As I see it when talking native vs Web, we are really talking about web reach versus native app engagement. It is much easier to reach new people on the web, user acquisition is a lot less expensive than in native apps, and conversion rate is also in many cases higher. On the other hand, in the native environment, you can store some content offline, send push notifications to users, and achieve a perfect level of performance. So, what would happen if we could take what is the best out of Web and the best out of native and combine that into one? In a nutshell – this is what we call a Progressive Web Application. But how do they deal with those three key challenges I mentioned?
First of all, for developing a PWA you need only one team of developers.

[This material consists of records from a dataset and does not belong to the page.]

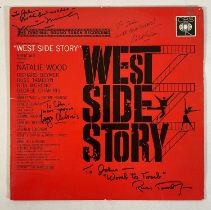 A copy of WEST SIDE STORY soundtrack vinyl record autographed by Director ROBERT WISE, Actors GEORGE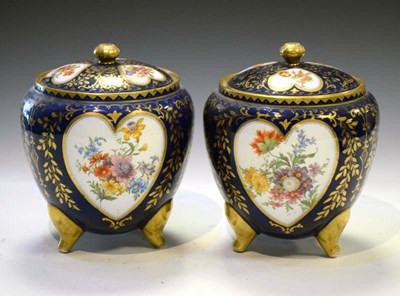 Lot 486 - Pair of ovoid jars and covers with printed heart-shaped floral panels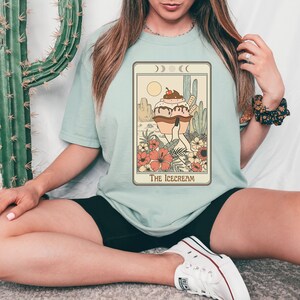 May include: A light blue t-shirt with a graphic of a cartoon ice cream cone with a cherry on top. The ice cream cone is wearing a dress and standing in a desert landscape with cacti. The text "The Icecream" is printed below the graphic.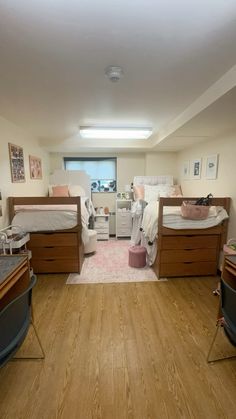 a room with three beds and two desks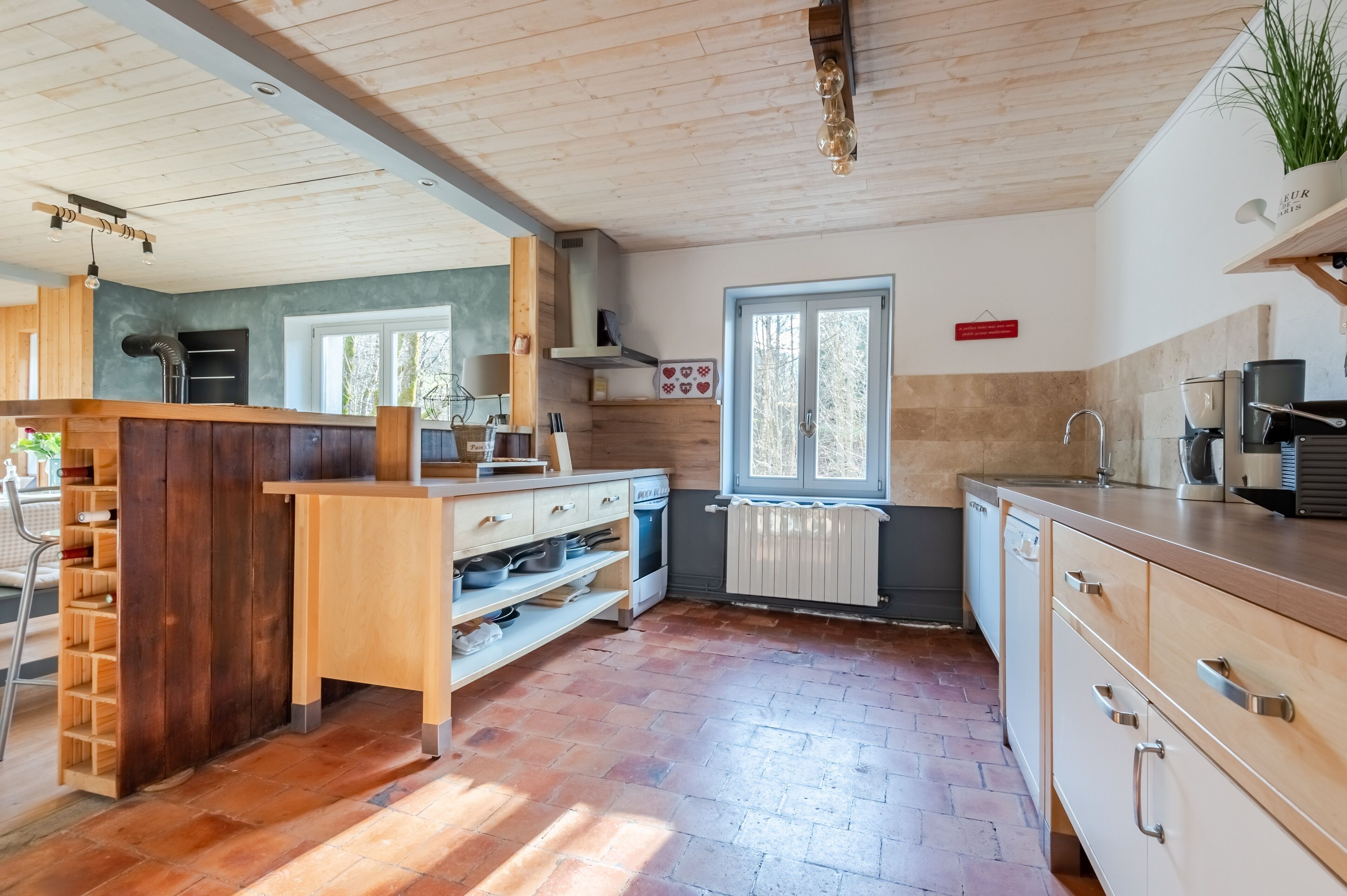 A modern kitchen with wooden cabinets, a built-in island, and a window providing natural light.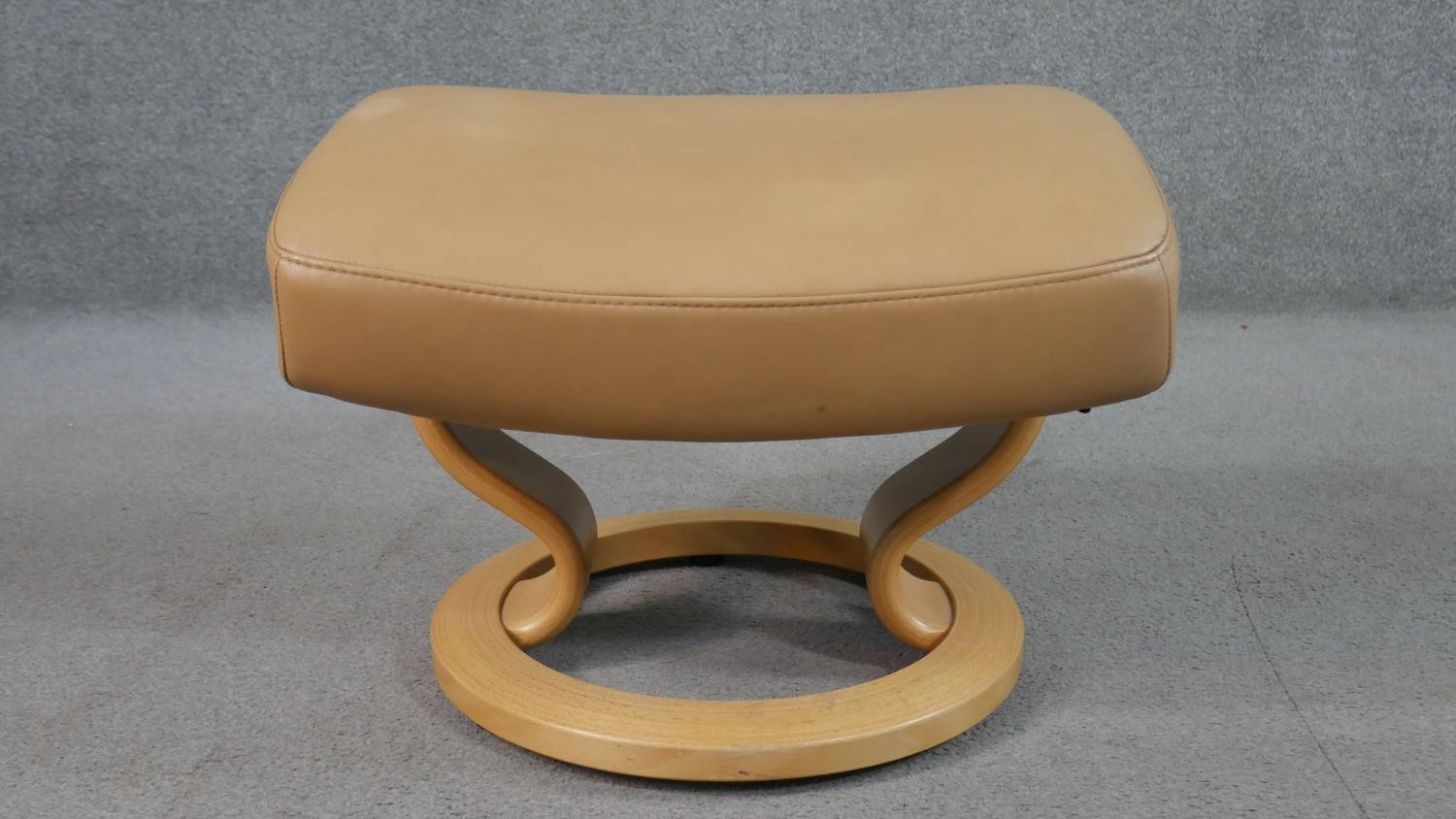 A Norwegian Ekornes Stressless chair & stool, upholstered in tan leather, with a beech frame, on - Image 9 of 11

You maintain one codebase for Web, iOS, and Android. Updates are done single-handedly on your server and are immediately available to all users. It is a crucial point. Without three different dev teams and three different environments not only your in-company communication is easier and faster, but the speed of implementing new features improves.
The licensing process and third party API usage restriction are directly related to your budget capabilities. Using external APIs is, generally speaking, cheaper than writing everything your app needs from scratch. Adjusting your app to the store guidelines may increase the overall costs too. You can avoid such an impact on your product if you develop a progressive Web app.
I mentioned at the beginning that users are mostly interested in their experience with the product, not in the tech behind it. It could not be more true. With the growing influence of UX on the Web, it was only a matter of time when we had to implement some of the native app’s functionalities. After all, these functionalities were always at the forefront of good user experience. So, it was more of a natural evolution enforced by many factors, rather than one market or one company decision. That is why I view the PWA technology as a natural evolution of web pages. In the words of Alex Russel:
These apps aren’t packaged and deployed through stores, they’re just websites that took all the right vitamins.
With PWA we can achieve the holy grail of websites: Reliable, Fast, and Engaging apps. Thanks to:
we can engage the users even more. It is one product that meets most of the users’ expectations, even those the most extravagant. One product that our team develops and can fully focus on. All this is enclosed in one product we are able to deliver to you.
A natural question would be: what’s next? How will the future of PWA unfold? Are we getting to a point where there will be no native apps or no regular websites? Personally, I do not think so, for now the status quo will be preserved as we are just not there yet. For a long time, this technological trinity will endure, but the present trend will only get stronger. The benefits of PWA are being discovered every day by more and more developers, businesses, markets, and industries. For sure, the revolution has just begun.